Problem: Leave out every picture and set down, exactly, the lines below from the one holding "FUYU lock oem" up to and including the one holding "MW MEAN WELL".

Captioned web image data

--------------------------------------------------

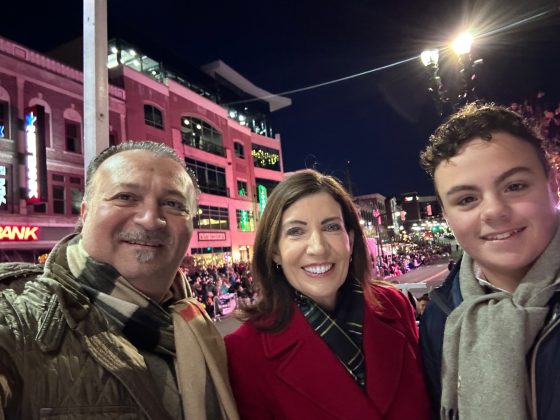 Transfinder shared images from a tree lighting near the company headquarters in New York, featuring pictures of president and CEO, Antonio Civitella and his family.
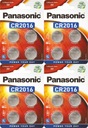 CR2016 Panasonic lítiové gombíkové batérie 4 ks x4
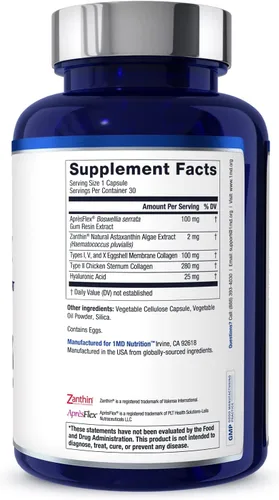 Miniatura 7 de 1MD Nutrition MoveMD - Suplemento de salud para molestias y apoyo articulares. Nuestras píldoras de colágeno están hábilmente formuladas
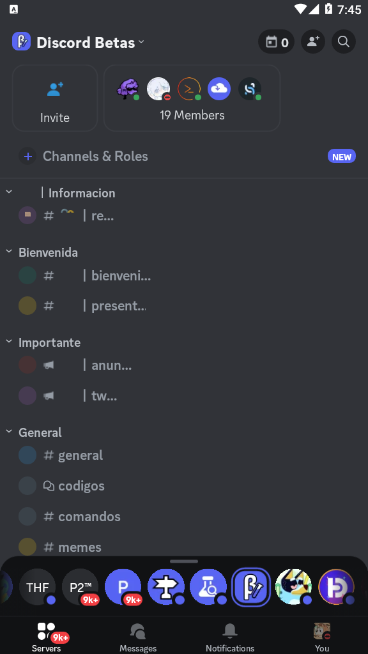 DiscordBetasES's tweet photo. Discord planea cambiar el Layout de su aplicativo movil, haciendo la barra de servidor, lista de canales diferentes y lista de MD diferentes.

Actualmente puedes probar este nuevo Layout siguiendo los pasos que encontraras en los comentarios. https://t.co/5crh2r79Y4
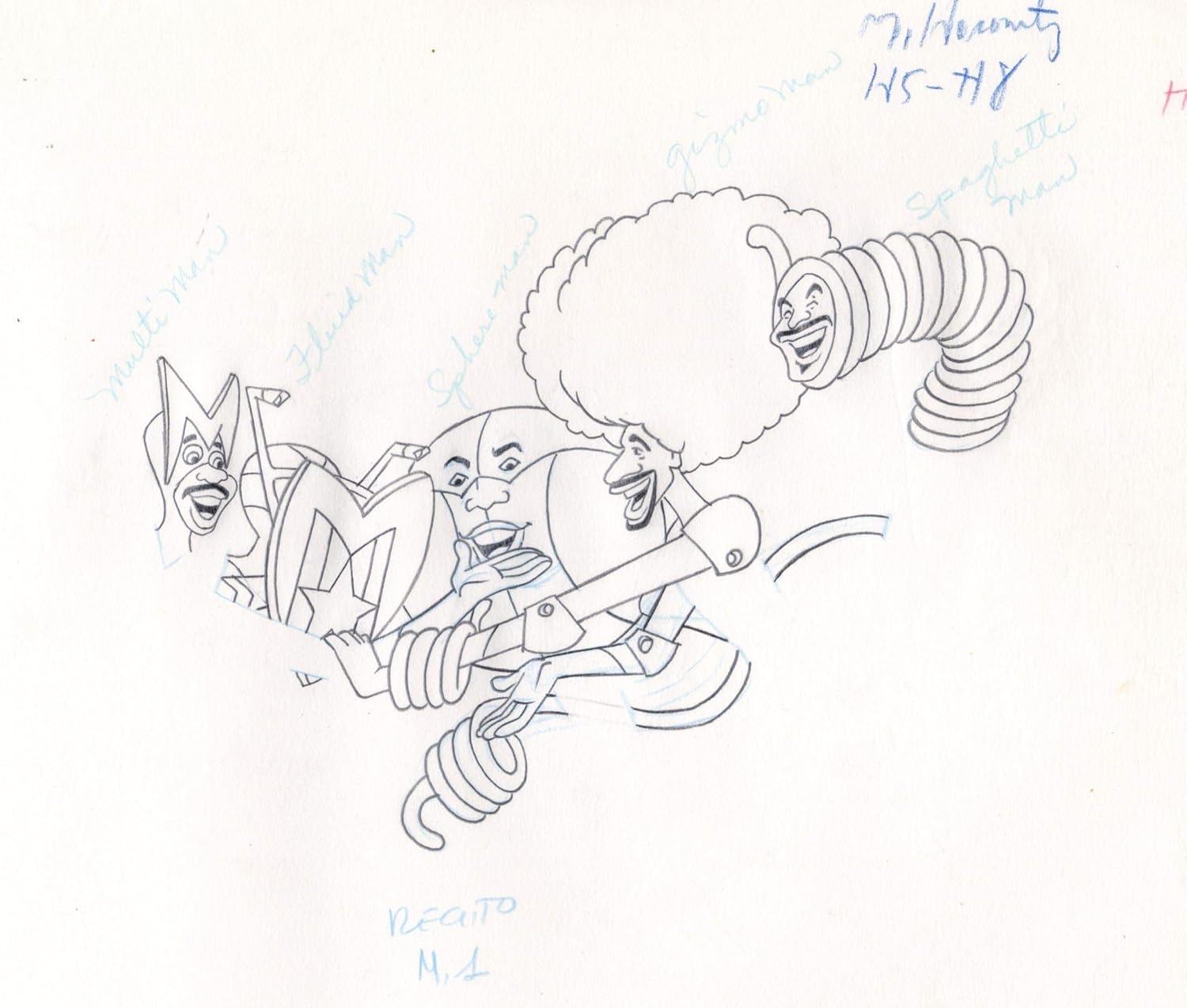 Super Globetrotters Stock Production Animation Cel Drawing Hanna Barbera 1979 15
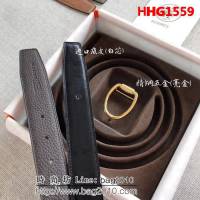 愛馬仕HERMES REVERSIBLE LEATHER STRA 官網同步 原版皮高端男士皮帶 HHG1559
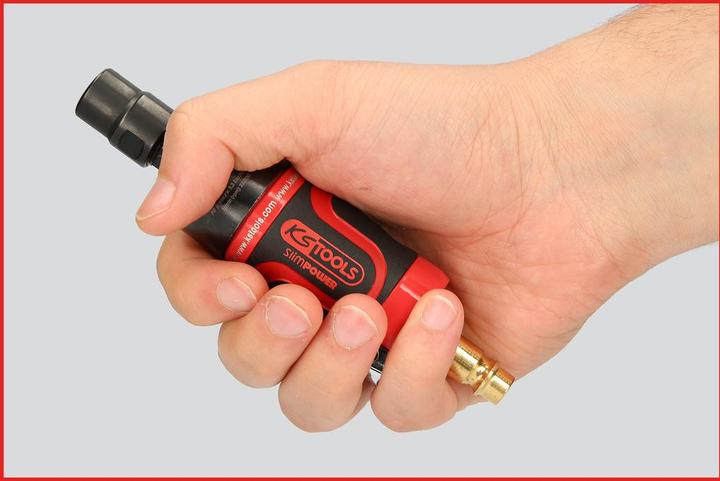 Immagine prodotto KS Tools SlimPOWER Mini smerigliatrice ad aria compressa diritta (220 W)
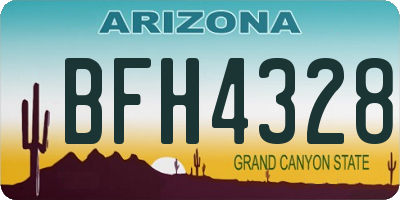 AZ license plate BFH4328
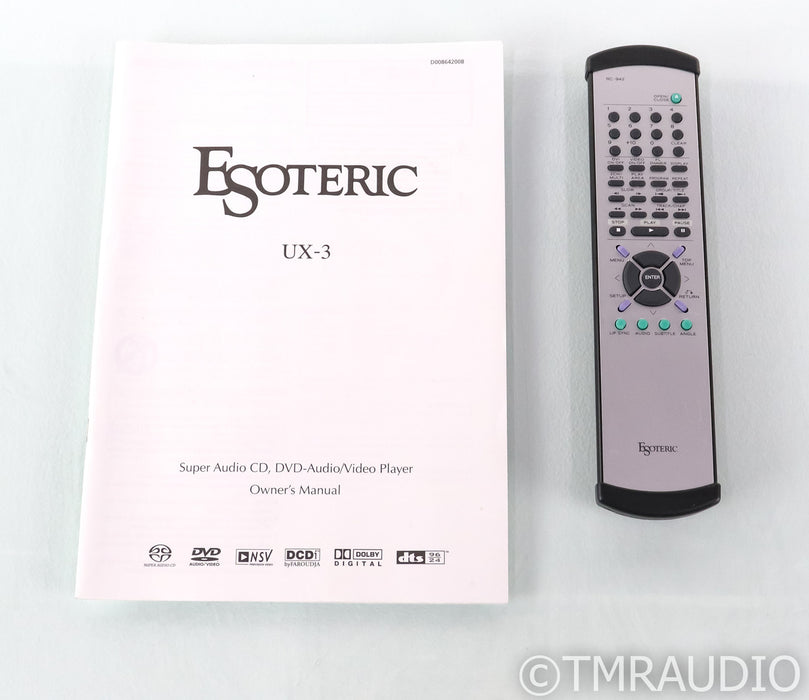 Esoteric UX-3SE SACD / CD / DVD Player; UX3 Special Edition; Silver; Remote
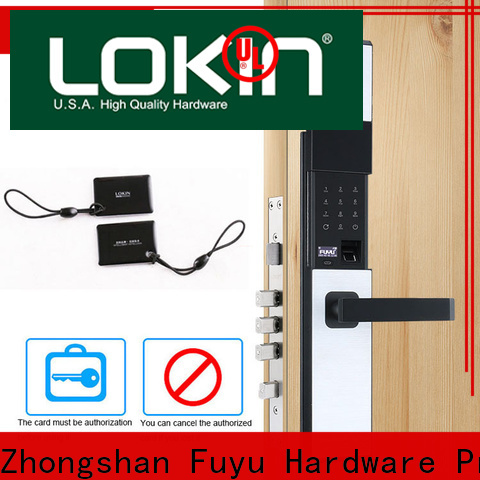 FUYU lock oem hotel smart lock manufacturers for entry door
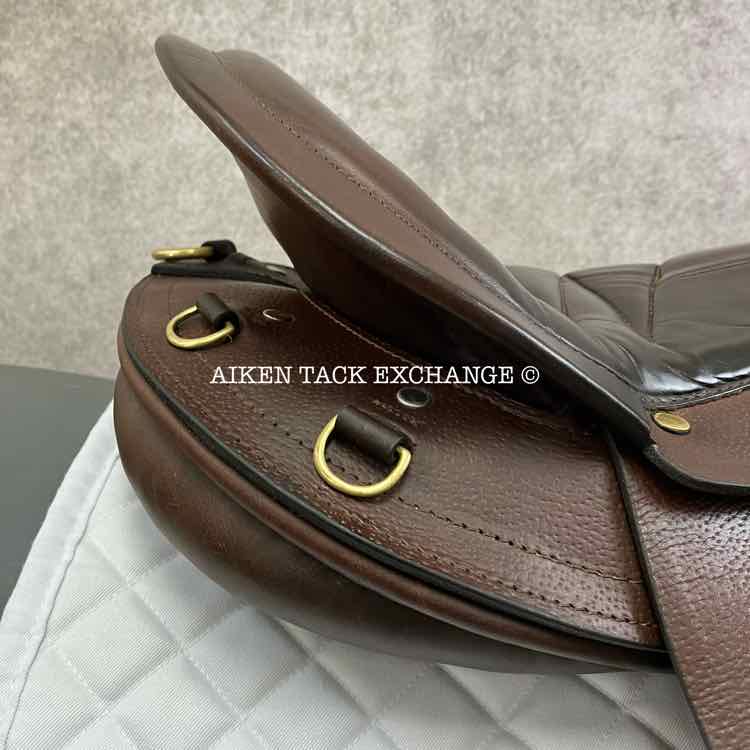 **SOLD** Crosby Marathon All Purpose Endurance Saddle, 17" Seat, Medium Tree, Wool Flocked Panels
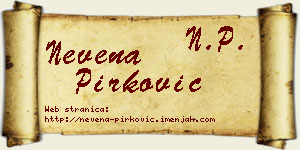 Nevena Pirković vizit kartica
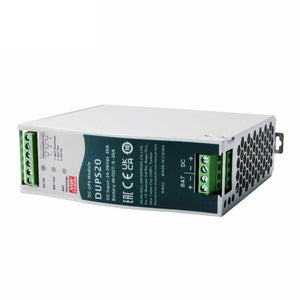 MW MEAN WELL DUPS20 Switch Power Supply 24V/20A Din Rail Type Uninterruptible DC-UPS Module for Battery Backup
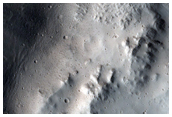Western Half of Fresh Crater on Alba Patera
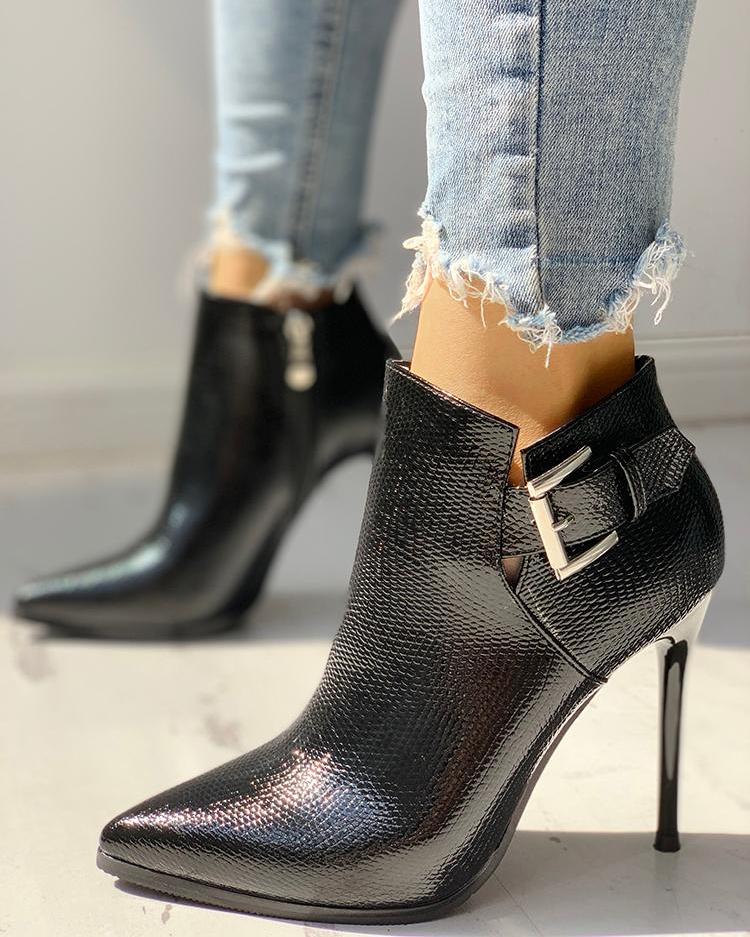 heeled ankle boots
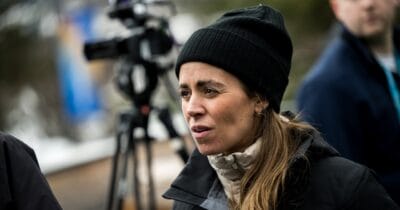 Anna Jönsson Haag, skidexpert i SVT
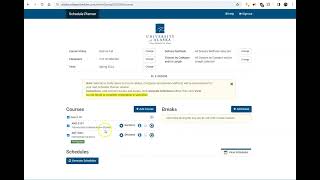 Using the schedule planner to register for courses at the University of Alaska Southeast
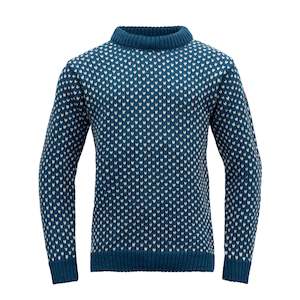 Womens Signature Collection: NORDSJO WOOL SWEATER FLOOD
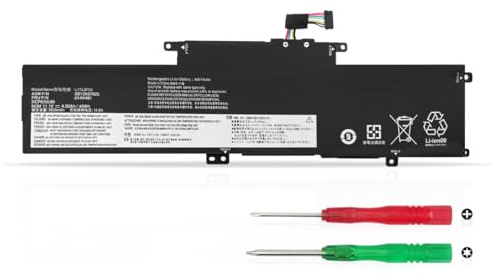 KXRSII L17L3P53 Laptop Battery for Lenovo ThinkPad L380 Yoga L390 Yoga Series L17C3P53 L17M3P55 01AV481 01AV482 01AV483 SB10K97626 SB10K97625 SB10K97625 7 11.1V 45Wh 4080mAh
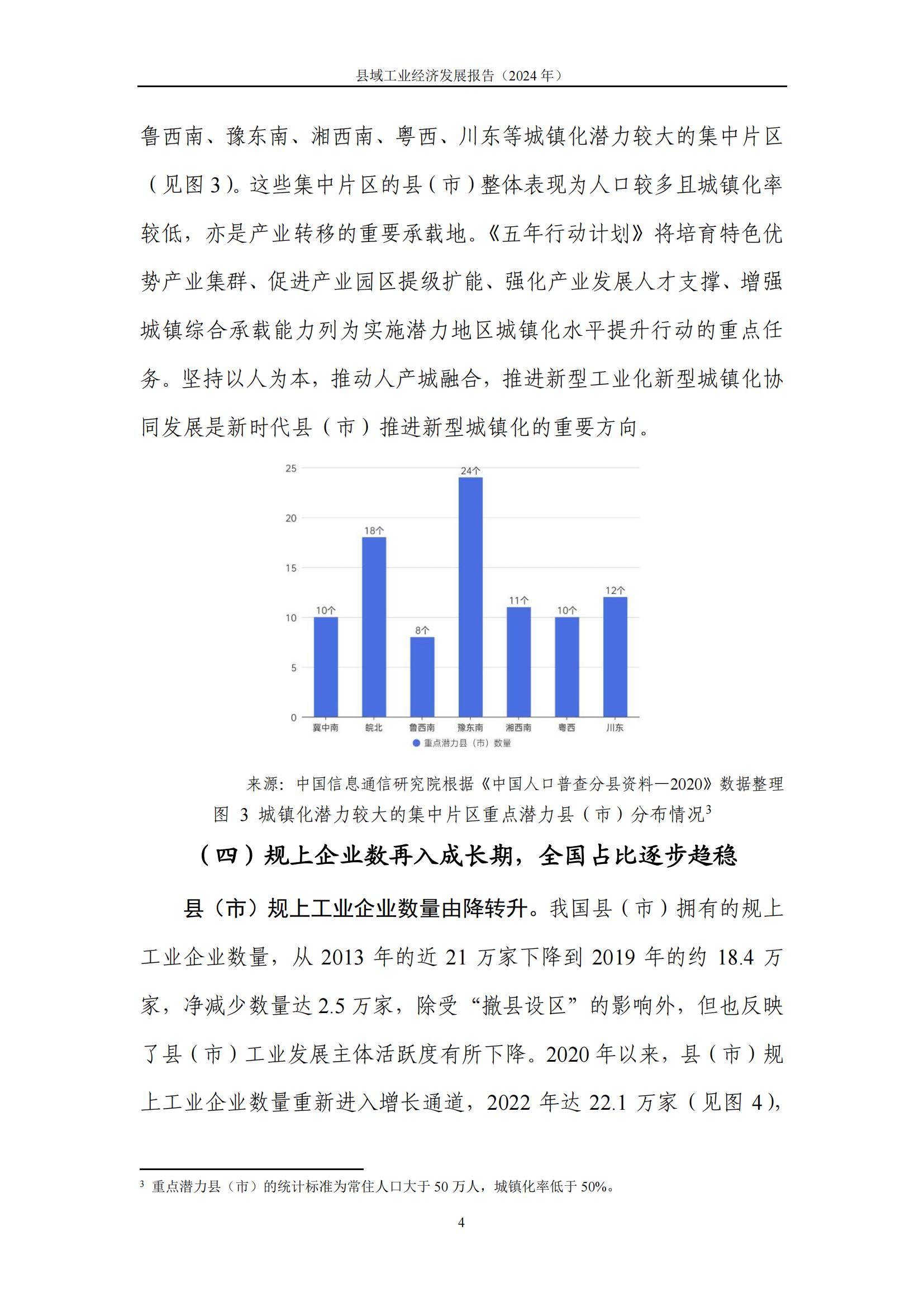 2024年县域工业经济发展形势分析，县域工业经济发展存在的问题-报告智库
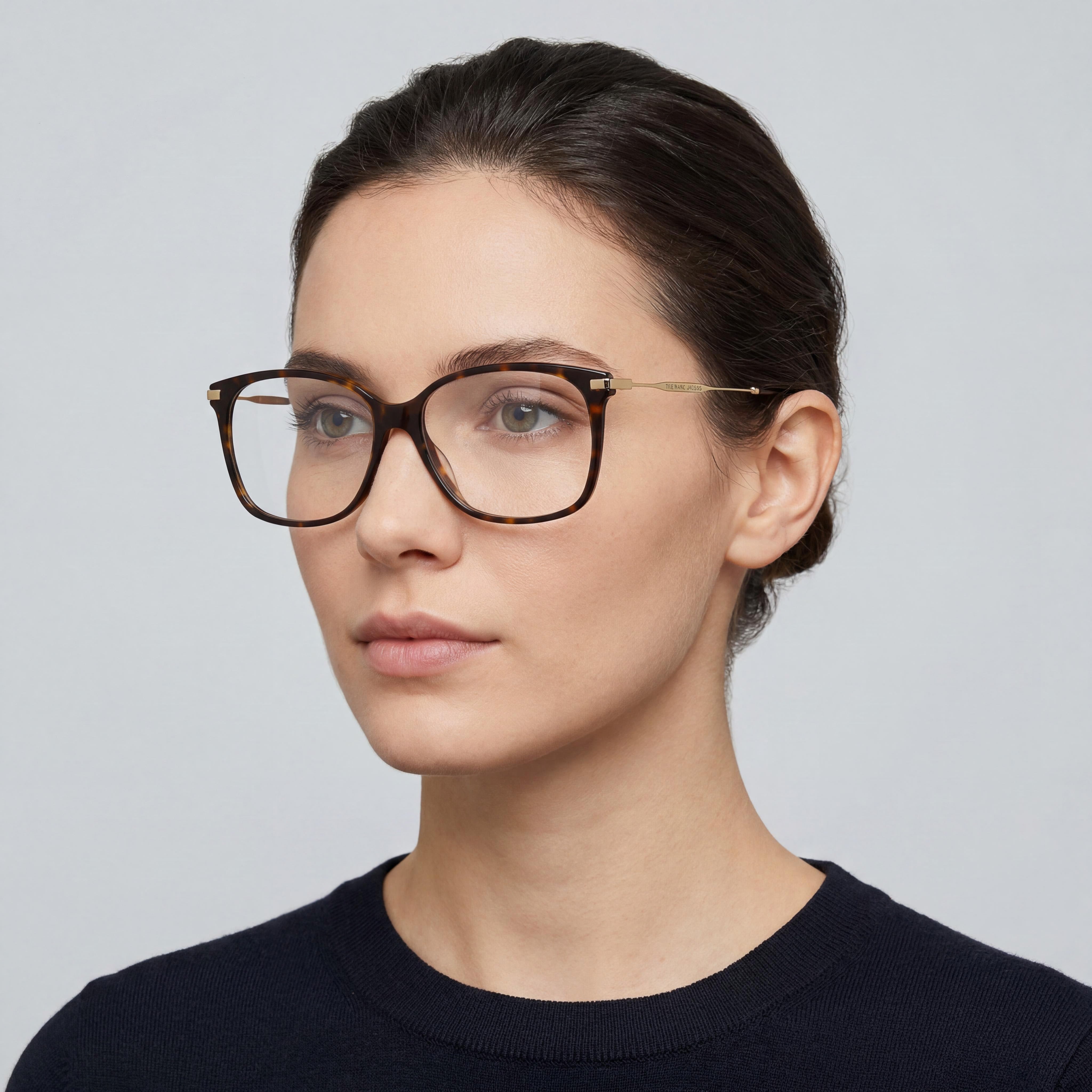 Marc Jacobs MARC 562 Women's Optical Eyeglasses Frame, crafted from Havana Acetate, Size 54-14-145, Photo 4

--------------------------------------------------

Task solution:
 FUYU lock oem hotel smart lock manufacturers for entry door
 **SOLD** Crosby Marathon All Purpose Endurance Saddle, 17" Seat, Medium Tree, Wool Flocked Panels
 Nevena Pirković vizit kartica
 MW MEAN WELL DUPS20 Switch Power Supply 24V/20A Din Rail Type Uninterruptible DC-UPS Module for Battery Backup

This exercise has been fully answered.